Cuando los jueces españoles condenan, por las letras de sus canciones, a los raperos Valtonyc o Hasel (regalándoles, por cierto, una popularidad con la que ni soñaban) y cuando en el Congreso se decide no derogar del Código Penal los artículos que castigan el injuriar o calumniar a la Familia Real o a sus símbolos, llega la sentencia del Tribunal Europeo de Derechos Humanos condenando a nuestro país a indemnizar a dos jóvenes catalanes que quemaron una foto de los Reyes hace 11 años y fueron penados por los jueces españoles. Estrasburgo entiende que aquel acto respondió a la libertad de expresión, reconocida como un derecho desde 1948 por la Declaración Universal de los Derechos Humanos y ratificada dos años después por el Convenio Europeo de Derechos Humanos. Parece que en España, para mal o para bien, llevamos el paso cambiado.

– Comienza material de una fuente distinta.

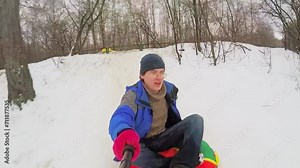 Man in colorful clothes sits on top of an inner tube and rides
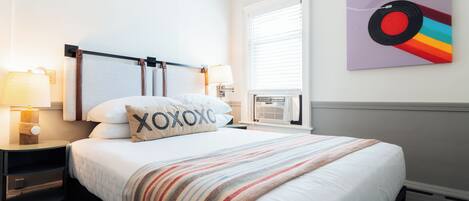 A neatly made bed with a striped blanket, two bedside lamps, and a pillow with the word "XOXO".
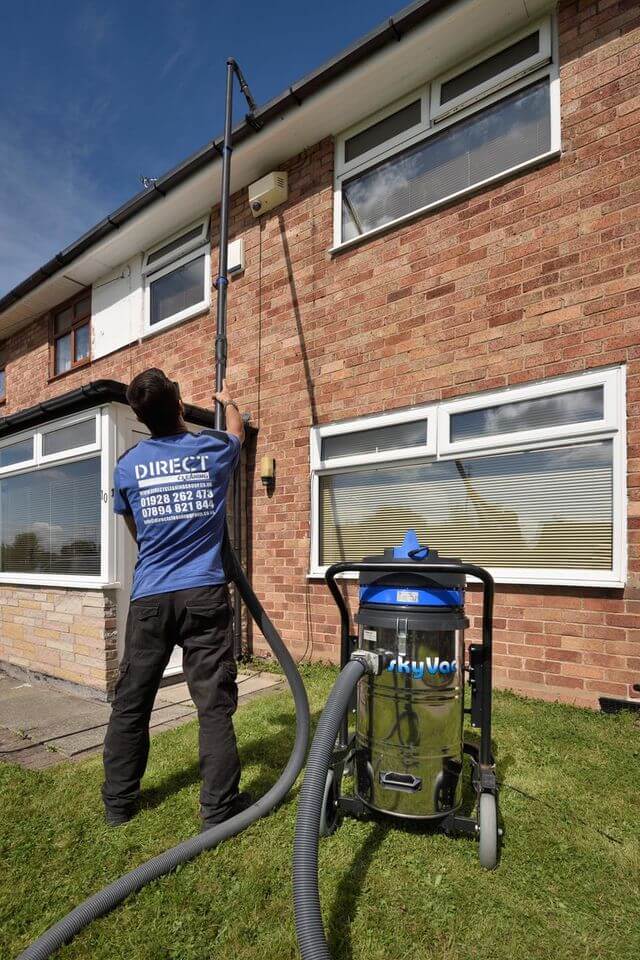 Gutter cleaning with a vacuum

Inevitable no ir contracorriente después de más de 40 años hablando en voz baja, por si oían los numerosos fieles del dictador e hicieran pagar por ello. Se ha callado demasiado en la escuela y en la calle. Han sido demasiados los años de mordaza y muy potente la herencia recibida de silencio y oscurantismo para que los jueces (y seguramente la mayoría de los españoles) puedan ver como un ejercicio de libertad el que se queme una bandera, se pite al Rey en un partido o se exprese el deseo de quemar el bus del PP en un rap.

El resultado del legado recibido es que en España no se entiende bien la esencia de la libertad de expresión y se la defiende solamente cuando se trata de la "mía". Si se está de acuerdo con lo que dice otro, tiene derecho pero si se está en desacuerdo, ya no hay libertad de expresión que valga. En general, molesta escuchar opiniones contrarias y lo deseable sería condenar "a la carta": a Rufián, por bocazas, a los que exhiben en ARCO molestas obras de arte, al que me gritó hace unos días "mujer tenías que ser" y hasta al niño de mi vecina que se expresa llorando en plena madrugada.

Orwell decía que "la libertad de expresión consiste en decir lo que la gente no quiere oír". O se acepta para los independentistas catalanes, para los que piden la derogación del 155, para los raperos y sus agresivas letras y para los tuiteros destilando odios, o no se le admite a nadie. Porque la auténtica libertad de expresión no hace diferencias. Teniendo en cuenta que si se niega como derecho no habrá información ni, por tanto, progreso, que no se renovarán las ideas ni, por tanto, los avances sociales… elijamos.